Humas PN Singaraja I Nyoman Dipa Rudiana yang ditemui terpisah menjelaskan, majelis hakim mengambil putusan niet ontvankelijke verklaard terhadap gugatan yang didaftarkan Desa Pakraman Dharmajati.
Penyebabnya sejumlah syarat formal belum bisa dipenuhi. Syarat formal yang dimaksud yakni luas tanah, bentuk tanah, maupun batas-batasnya.
“Ini kan perkara tanah, jadi syarat formalnya harus jelas. Baik luas, bentuk, maupun batasnya. Kalau dalam perkara itu kan penggugat dalilnya objek sengketa berbentuk persegi panjang,
sedangkan tergugat bentuknya segitiga. Saat hakim melakukan pemeriksaan setempat, dalil yang diajukan penggugat berbeda dengan sertifikat yang secara formal telah terbit,” jelasnya.
Dengan putusan tersebut, Dipa mengatakan, belum ada pihak yang dinyatakan menang atau kalah dalam perkara tersebut.
“Jadi perkara ini masih seperti semula, seperti awal. Tidak ada yang menang maupun kalah,” tegasnya.
Sementara itu Kuasa Hukum krama Desa Pakraman Dharmajati, Ketut Suartana mengatakan, pihaknya masih pikir-pikir terhadap putusan tersebut.
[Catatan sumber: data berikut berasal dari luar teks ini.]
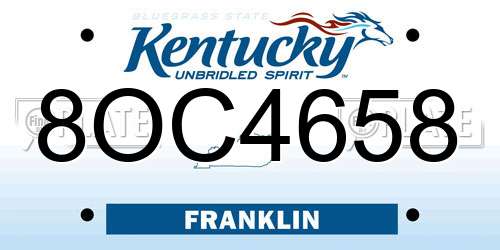 8OC4658 Kentucky License Plate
“Peluangnya ada dua, kami ajukan gugatan ulang atau banding. Kami akan tunggu paruman dulu,” kata Suartana.
Sementara itu kuasa hukum tergugat Wayan Angker, Ngurah Sentanu mengatakan, pihaknya hanya isa bersifat pasif dalam perkara perdata itu.
“Kami sifatnya hanya pasif. Menurut kami, (putusan) itu sudah pertimbangan yang cukup jelas dari majelis hakim. Kami sekarang hanya menunggu saja, bagaimana nanti dari penggugat,” ujarnya.
Sekadar diketahui, sengketa lahan adat di Desa Pakraman Dharmajati telah berlangsung bergulir sejak 2017 lalu.
Lahan dengan status pelaba pura desa seluas 13 are, ternyata disertifikatkan oleh Wayan Angker pada 2001 silam.
Krama baru mengetahui lahan itu dikuasai perorangan, setelah Wayan Angker melakukan pemagaran pada penghujung 2017 lalu. Krama pun meradang dan meminta agar lahan itu dikembalikan pada adat sesuai dengan peruntukannya.
Proses mediasi sudah beberapa kali dilakukan, namun mentok. Wayan Angker tetap menyatakan lahan tersebut sebagai miliknya.
Angker justru menawarkan tukar guling dengan lahan miliknya yang ada di Desa Tegallinggah. Krama menolak mengingat lahan yang kini menjadi objek sengketa, digunakan untuk kegiatan melasti. Desa adat melalui kuasa hukumnya kemudian mengajukan gugatan perdata ke Pengadilan Negeri Singaraja.